GIVEN DATA:

>>>

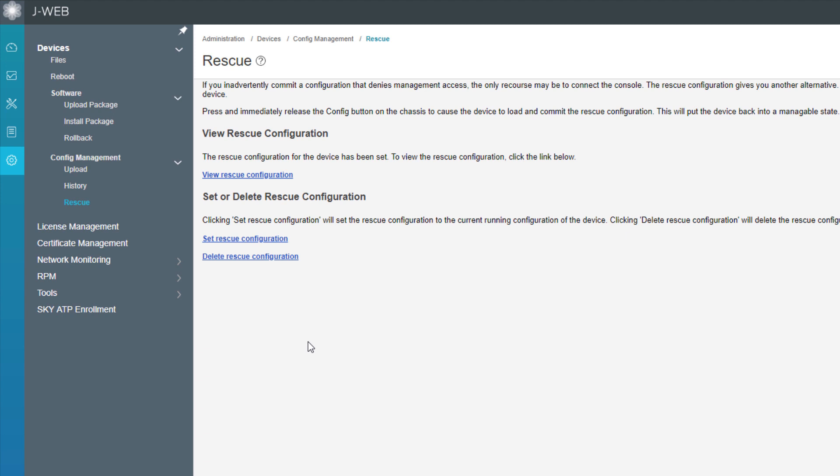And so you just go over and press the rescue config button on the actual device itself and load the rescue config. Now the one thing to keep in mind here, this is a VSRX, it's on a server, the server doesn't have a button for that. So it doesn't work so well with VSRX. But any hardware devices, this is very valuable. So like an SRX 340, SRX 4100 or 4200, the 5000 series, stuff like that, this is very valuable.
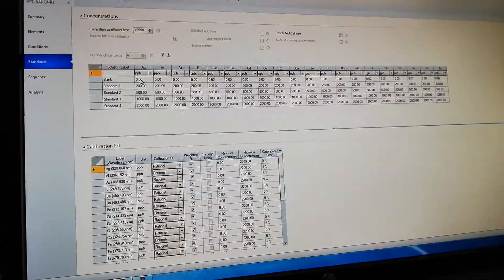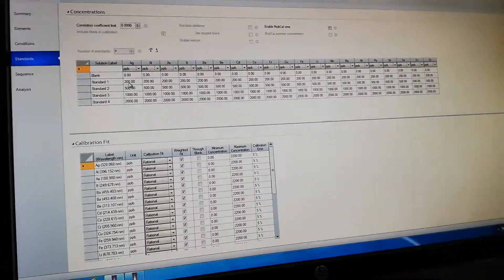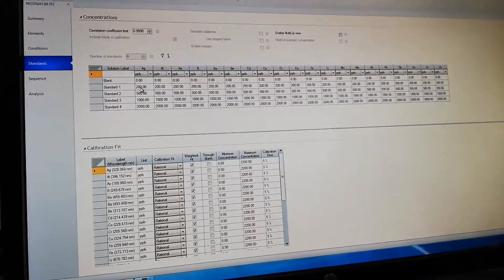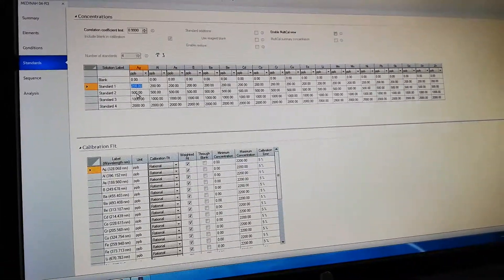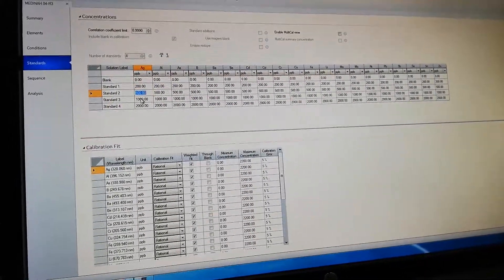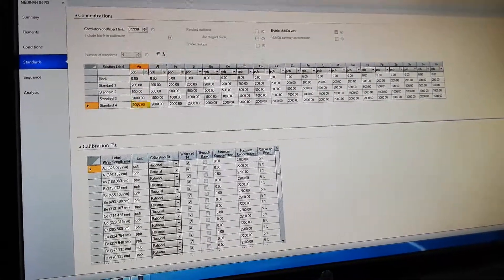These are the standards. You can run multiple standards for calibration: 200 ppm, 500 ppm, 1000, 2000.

<<<
>>>

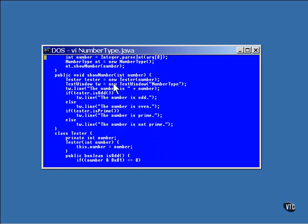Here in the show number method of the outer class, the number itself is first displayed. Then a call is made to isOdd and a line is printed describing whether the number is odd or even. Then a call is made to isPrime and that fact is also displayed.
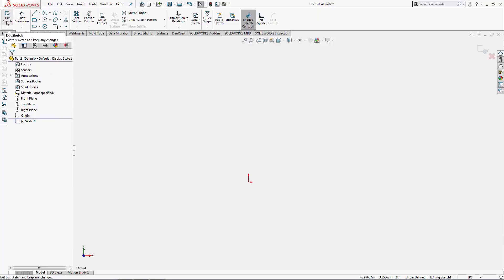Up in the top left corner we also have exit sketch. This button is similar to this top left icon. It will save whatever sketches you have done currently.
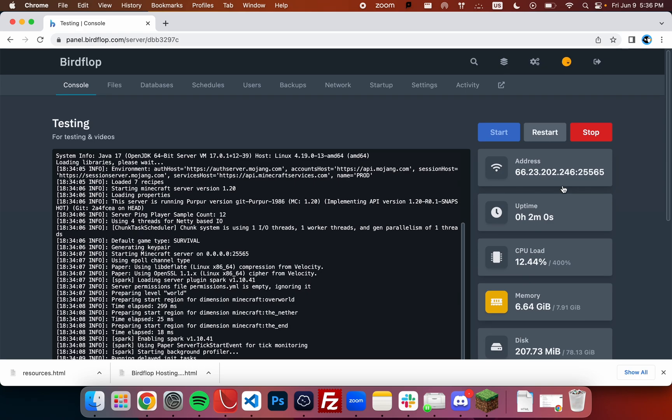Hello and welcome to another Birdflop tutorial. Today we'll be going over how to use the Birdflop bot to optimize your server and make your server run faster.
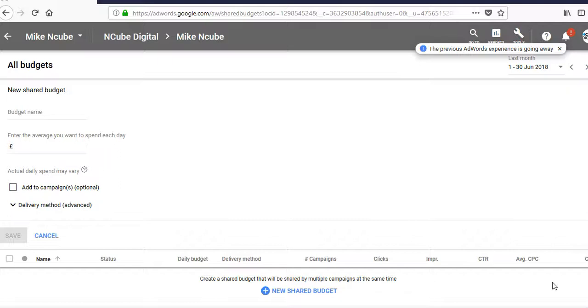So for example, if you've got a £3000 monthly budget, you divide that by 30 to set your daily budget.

<<<
>>>

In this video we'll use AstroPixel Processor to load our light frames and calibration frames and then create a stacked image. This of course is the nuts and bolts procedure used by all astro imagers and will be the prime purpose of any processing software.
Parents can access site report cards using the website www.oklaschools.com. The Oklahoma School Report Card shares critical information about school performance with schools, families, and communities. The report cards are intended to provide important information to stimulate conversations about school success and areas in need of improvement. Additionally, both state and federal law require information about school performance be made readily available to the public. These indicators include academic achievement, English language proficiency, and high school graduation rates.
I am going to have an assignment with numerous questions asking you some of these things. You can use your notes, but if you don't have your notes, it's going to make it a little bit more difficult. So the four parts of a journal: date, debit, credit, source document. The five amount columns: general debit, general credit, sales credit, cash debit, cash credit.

<<<

EXERCISE INSTRUCTIONS: Quote word for word only the lines above from the one containing "And so you just" through the one containing "These are the". Pictures stay out of your copy.

ANSWER TO THIS TASK:
And so you just go over and press the rescue config button on the actual device itself and load the rescue config. Now the one thing to keep in mind here, this is a VSRX, it's on a server, the server doesn't have a button for that. So it doesn't work so well with VSRX. But any hardware devices, this is very valuable. So like an SRX 340, SRX 4100 or 4200, the 5000 series, stuff like that, this is very valuable.
These are the standards. You can run multiple standards for calibration: 200 ppm, 500 ppm, 1000, 2000.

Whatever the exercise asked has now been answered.